With sake I got over my irrational fear of seafood. Now I just fear sake.
New scientific discovery: The hypothetical attractiveness of a woman increases exponentially as her skirt:boot ratio approaches zero. Nobel Prize in my future?
I tried really hard to get you laid last night. And by that I mean I asked a bunch of dudes if they were top or bottom.
How long is a courtesy make out supposed to last??
Got a stripper to howl at my wolf shirt.
my hip hurts so fuckin bad. and I just found a half eaten burrito in my nightstand drawer.
just had a very awkward conversation with the concierge at the hotel, they threw your underwear out
And by "schedule" I meant crumbled up liquor store receipt, that I wrote shit on.

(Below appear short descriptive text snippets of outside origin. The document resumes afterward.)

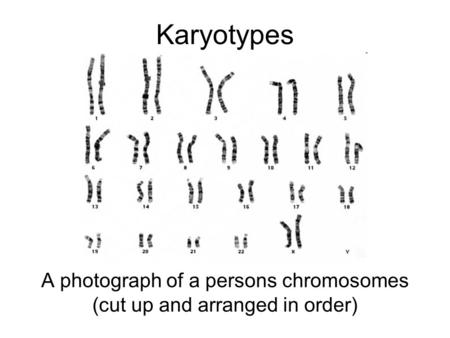 A photograph of a persons chromosomes (cut up and arranged in order)
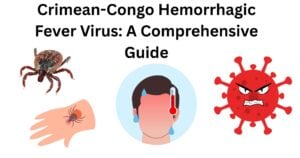 Colorado tick fever virus CTFV 1 Crimean-Congo Hemorrhagic Fever Virus (CCHFV)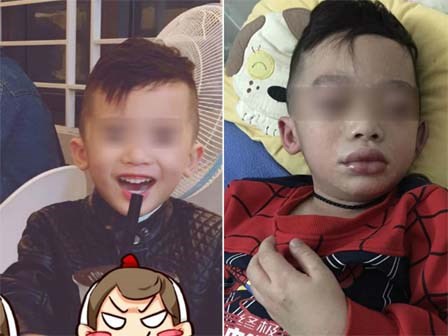 Mùng 3 Tết, bé trai nhập viện trong tình trạng mặt mũi sưng vù vì uống trà sữa?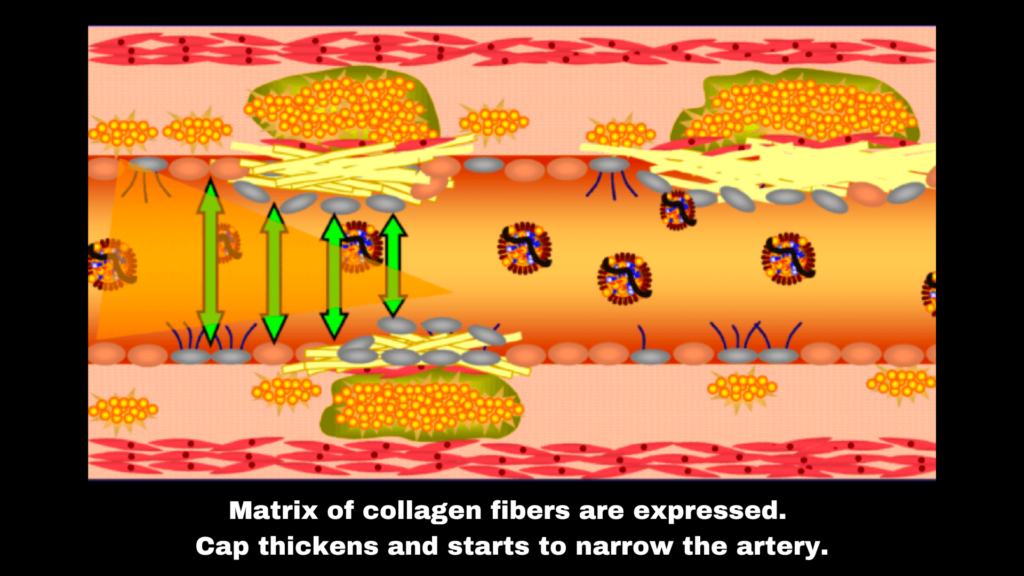 Collagen fibers being laid down in a matrix which causes the artery wall to narrow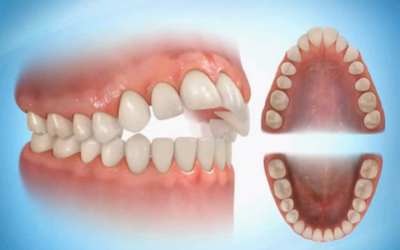 Передні зуби випирають вперед: причини дефекту і методи корекції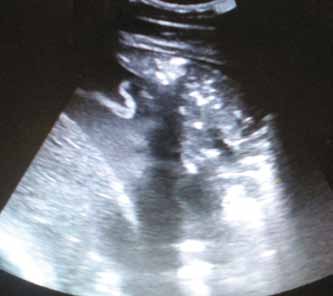 Ультразвуковой снимок грудной полости у одной лошади с плевропневмонией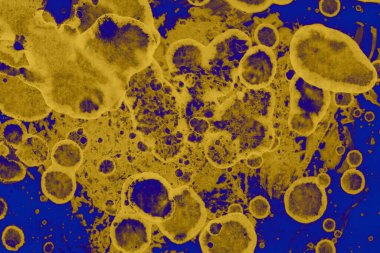 Soyut mavi sarı arka plan. Lekeler ve kabarcıklar. Alkol mürekkebi sanatı. Sembol.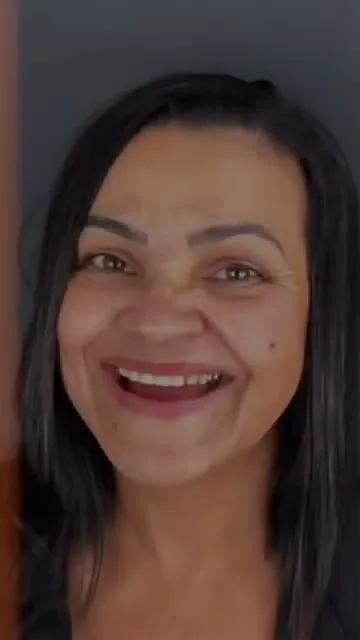 Depoimento Implantes Dentários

i could've stared at her spine forever man..she was so deep, and she made a drink out of vodka and organic mangoo shit. i will find her and present that goddess with some fucking gummies
you're no longer allowed out of my sight at parties
He had a step stool to get in to his bed!
Shhhh less advice, more soothing words and dirty phrases
I'm just going to ride dicks all the way to the to the gates of hell
That's crazy. Wow that lady must be fucked up
Yeah I hope she's okay.
I'm still going to fuck her husband but I do hope she's okay.
She's in it for that fear factor ya'll. Obsession and stalking or nothing.
She looked up and said "I like this." I asked "what do you like?" she said "penis."